Attempts to bridge behavioral and molecular genetics through brain imaging has provided a convenient link between abnormal patterns of brain activity seen in certain patient populations and anatomical abnormalities seen in knockout/transgenic mouse models. Genetically modified mice provide useful model systems for testing the role of candidate genes in behavior and imaging studies provide neuroanatomical evidence to validate cross-species translation. The extent to which such genetic manipulations in the mouse and the resulting phenotype can be translated across species, from mouse to human, is beginning to be assessed more directly. A new direction for genetic research is to exploit behavioral paradigms being used with mice, and adapt them for use with humans in the imaging environment. Such an approach provides a direct move toward translating the function of genes in the context of human behavior. In highlighting the promise of imaging genetics, we provide a concrete example of how parallel human and mouse genetic studies can address many of the challenges of genetic studies.

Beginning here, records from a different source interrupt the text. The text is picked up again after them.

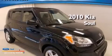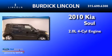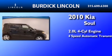This is a 2010 Kia Soul. It has a 2.0-liter four-cylinder engine and a four-speed automatic transmission.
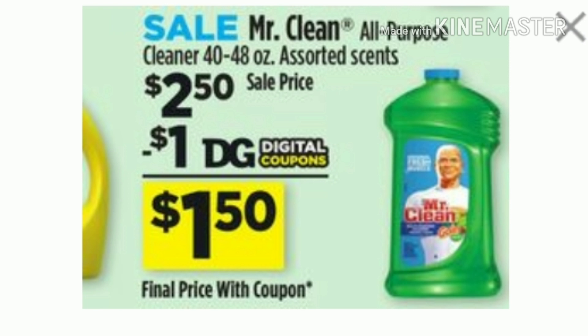Next, we'll be picking up the Mr. Clean All-Purpose Cleaner. These are the big bottles — the 40 through 48 ounces. They are on sale for $2.50 and we have a $1 digital making them only $1.50.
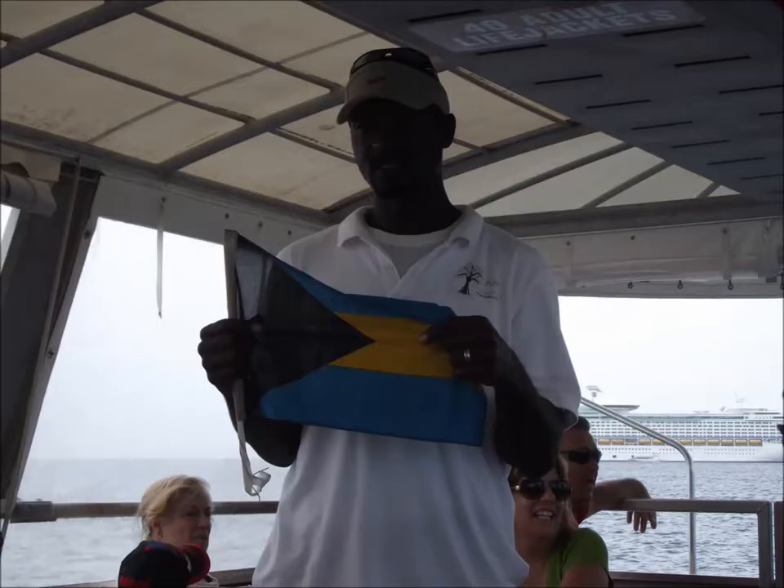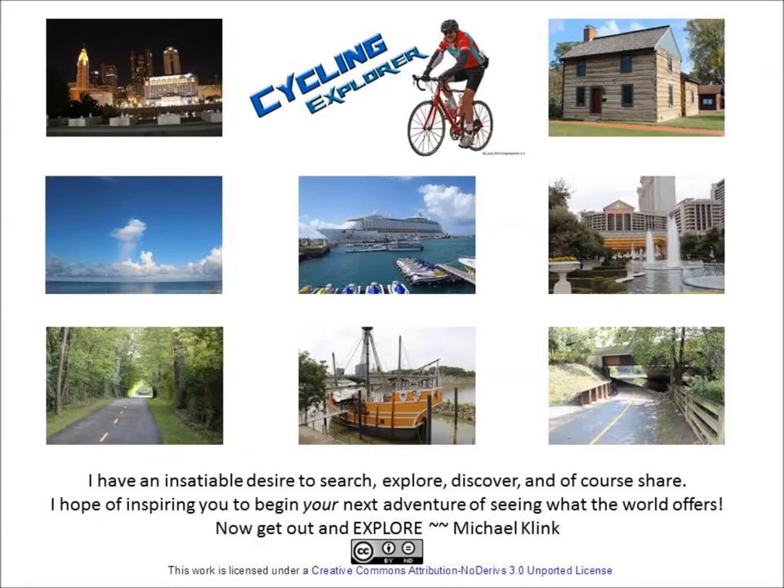This is the end of our cruise. Thanks for watching — now get out and explore.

We describe research that focuses on the impact of a polymorphism in the brain-derived neurotrophic factor (BDNF) gene. BDNF is a member of the neurotrophins a unique family of polypeptide growth factors that influence differentiation and survival of neurons in the developing nervous system. In adults, BDNF is important in regulating synaptic plasticity and connectivity in the brain. Recently, a common single nucleotide polymorphism in the human BDNF gene, resulting in a valine (Met) to methionine (Met) substitution in the prodomain of the peptide (Val66Met), has been shown to lead to memory impairment and risk for psychiatric illness. An understanding of how this naturally occurring polymorphism affects behavior and neuroanatomy is an important first step in linking genetic alterations in the neurotrophin system to definable biological outcomes in humans.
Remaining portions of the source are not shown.